Garry Shandling's groundbreaking series gets an awesome home-video treatment, with a selection of the best episodes and more than eight hours of new stuff. New stuff includes a feature-length documentary on the show, audio commentaries and recent footage of Shandling visiting the likes of Sharon Stone. There's footage of the late Bruno Kirby performing one last gag with pal Shandling before leaving the planet. A fantastic TV show gets a fantastic DVD treatment.
This edition of one of the first true American "art" films is worth the price for the full feature commentary with stars Dustin Hoffman and Katharine Ross. That The Graduate is a great, great movie only sweetens the pot.

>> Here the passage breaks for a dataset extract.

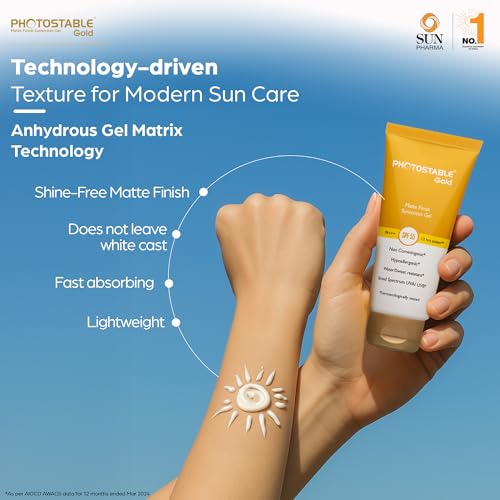 PHOTOSTABLE All Skin Sun Pharma Gold Sunscreen, SPF 55+ & PA+++, 12-Hour UV Protection, Dermatologist-Tested Sunscreen, Lightweight Formula, 50g - Image 5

Barry Levinson put about 15 minutes back into his classic baseball movie and actually made it better. Robert Redford is too cool for words as an aging ballplayer who can blow up light towers with his home runs. Documentaries revealing how Redford was an athletic badass during filming--smacking balls out of the park for real--are perfectly suited to the baseball fan.
The creative forces behind this show (affectionately known as Tim and Eric) are definitely an acquired taste. If they make you, or the potential owner of this set, laugh, you can't go wrong here. This set includes all of the bizarre animated episodes, with worthwhile special features. Tim and Eric now have a live-action show, Tim and Eric Awesome Show: Great Job! which got renewed for a second season. If your gift recipient likes humor that frightens with its weirdness, you must buy, wrap and give.
A great treatment of a great film. Robert De Niro delivered his best-ever performance in this, the story of Travis Bickle, sociopath taxi driver. Lots of interesting documentaries are included, with participation from director Martin Scorsese and De Niro. This will always be one of the greatest films ever made.